Pigmented villonodular synovitis of the shoulder: review and case report

L P Müller, M Bitzer, J Degreif, P M Rommens
Knee Surgery, Sports Traumatology, Arthroscopy 1999, 7 (4): 249-56
Pigmented villonodular synovitis (PVNS) as reviewed in detail elsewhere most frequently involves the knee and finger synovial structures; shoulder involvement is rare: A search through the English literature yielded 18 publications describing 25 cases of PVNS affecting the shoulder joint.
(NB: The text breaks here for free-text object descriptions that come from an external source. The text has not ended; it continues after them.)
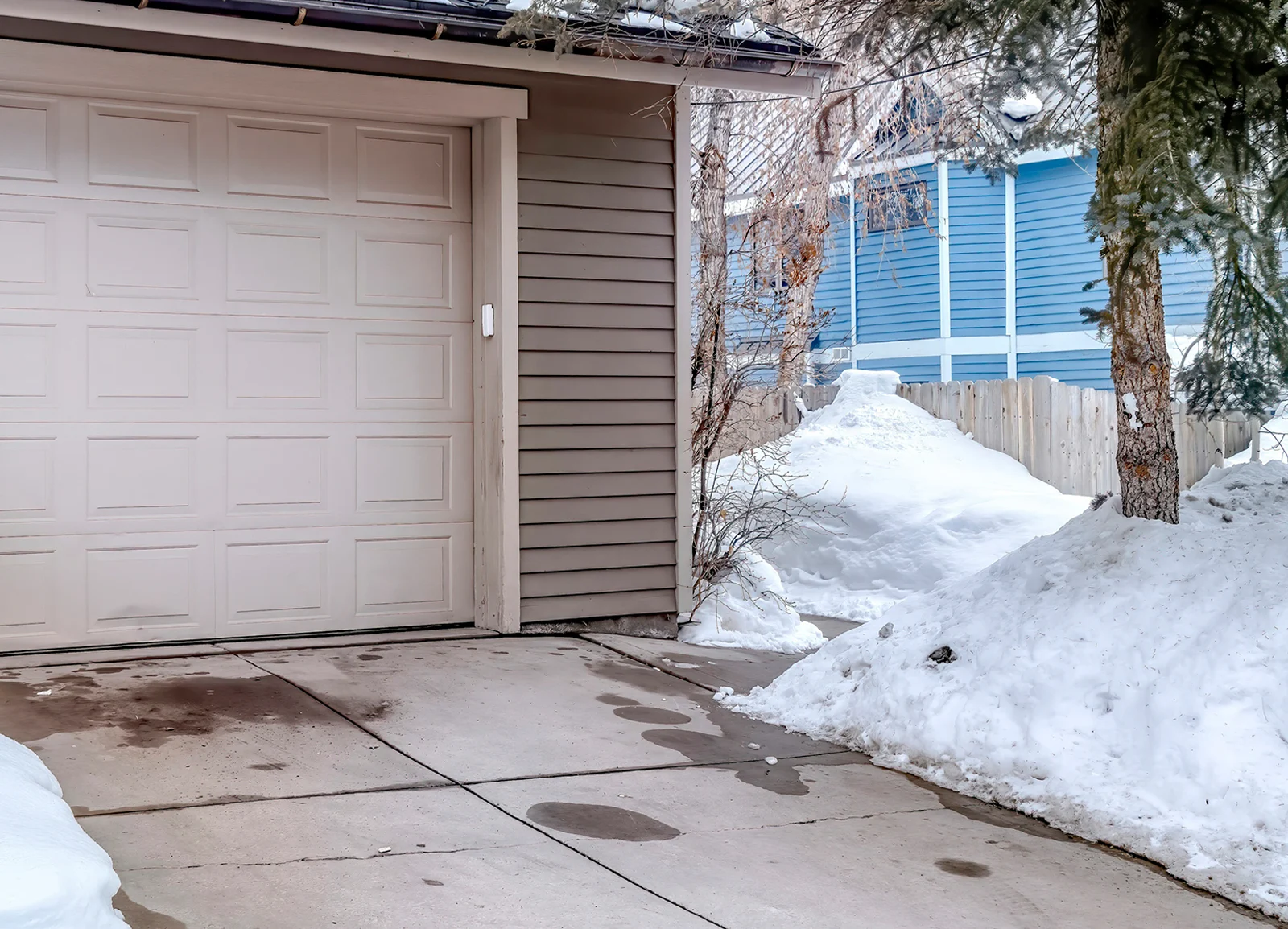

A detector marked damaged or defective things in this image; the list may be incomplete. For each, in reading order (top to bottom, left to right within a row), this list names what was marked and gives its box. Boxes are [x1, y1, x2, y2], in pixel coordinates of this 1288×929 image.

crack in concrete [116, 840, 528, 870]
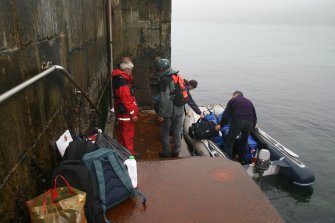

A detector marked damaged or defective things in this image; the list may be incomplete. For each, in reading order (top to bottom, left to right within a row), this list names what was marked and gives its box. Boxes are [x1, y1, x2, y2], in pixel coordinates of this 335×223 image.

rusty metal surface [107, 157, 284, 223]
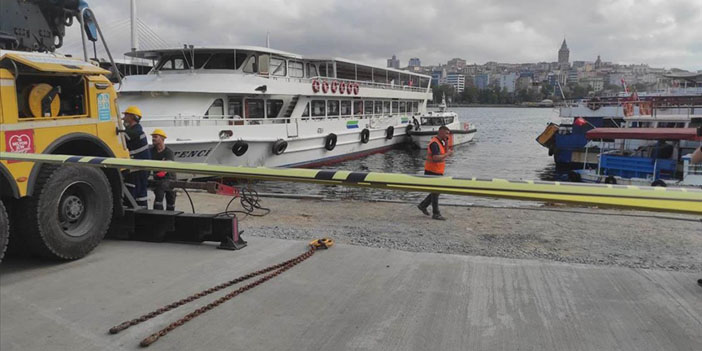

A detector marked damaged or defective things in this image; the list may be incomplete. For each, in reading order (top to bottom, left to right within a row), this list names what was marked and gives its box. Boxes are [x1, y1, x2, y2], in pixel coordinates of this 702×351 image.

rusty chain [109, 239, 332, 350]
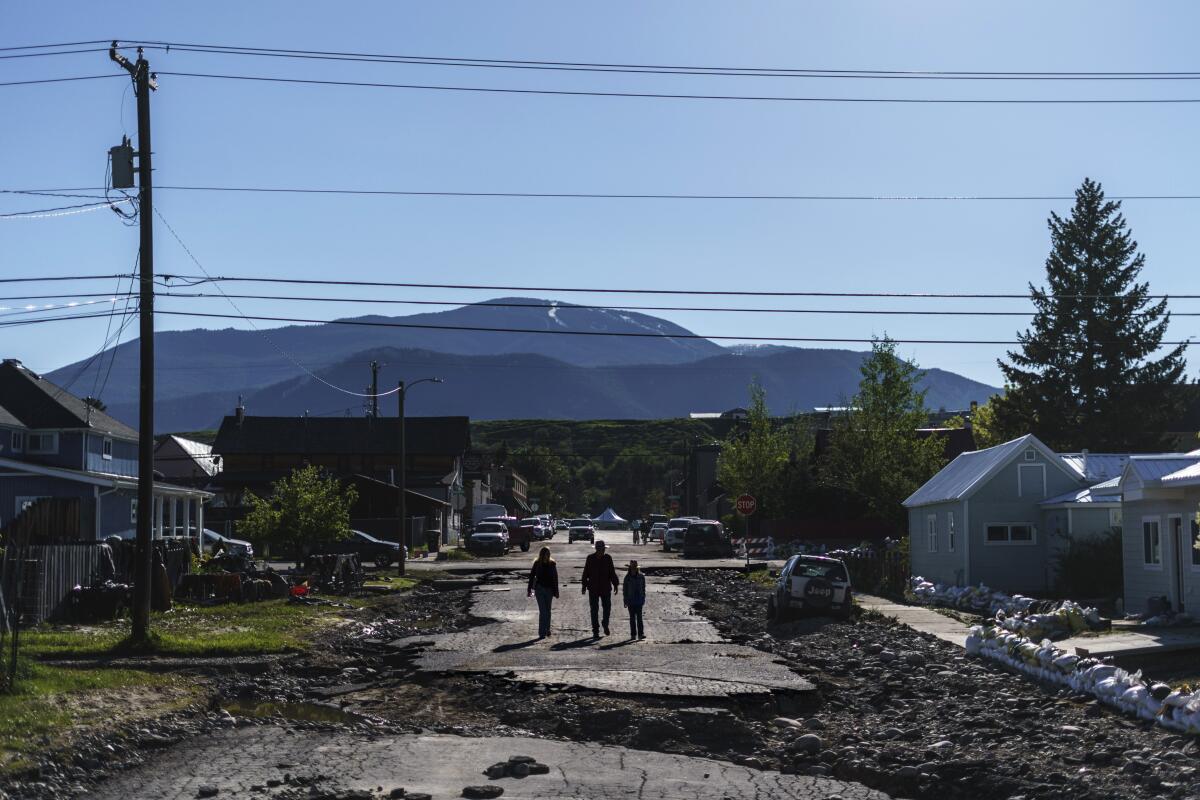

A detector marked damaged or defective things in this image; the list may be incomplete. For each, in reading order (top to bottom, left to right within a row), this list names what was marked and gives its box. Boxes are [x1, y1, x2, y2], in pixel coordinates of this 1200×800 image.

damaged asphalt road [7, 568, 1200, 800]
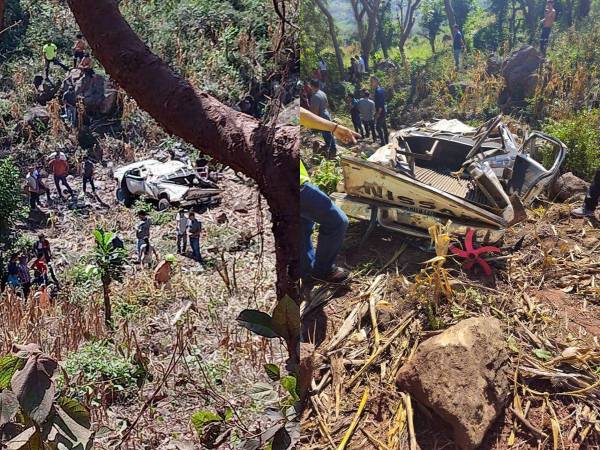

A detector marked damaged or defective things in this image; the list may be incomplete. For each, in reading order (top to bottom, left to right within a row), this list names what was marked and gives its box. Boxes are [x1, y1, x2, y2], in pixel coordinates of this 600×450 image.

Analyzing these reports we found the clinical and radiological findings generally to be nonspecific, often mimicking a malignancy, as in the case presented here of a 16-year-old boy with painful swelling in the area of the left proximal humerus. Magnetic resonance imaging showed a suspected malignant soft tissue mass involving the shoulder capsule and measuring 7.5 x 6 x 4 cm. Preoperatively the patient could recall no trauma; however, postoperatively he did report a distortion trauma of the affected shoulder following a bicycle accident. Intraoperatively, two tumors were found infiltrating the axillary vessels and nerve and tendon structures originating in the capsule of the shoulder joint. Rapid sections of the tissue revealed no signs of malignancy; further pathohistological examination revealed localized PVNS. Preoperatively, the shoulder joint was not suspected as the primary site of origin of the tumor because the patient had no complaints or functional deficits of the shoulder. The clinical presentation of such a PVNS lesion over the proximal humerus is unusual and to date has only twice been described in the literature.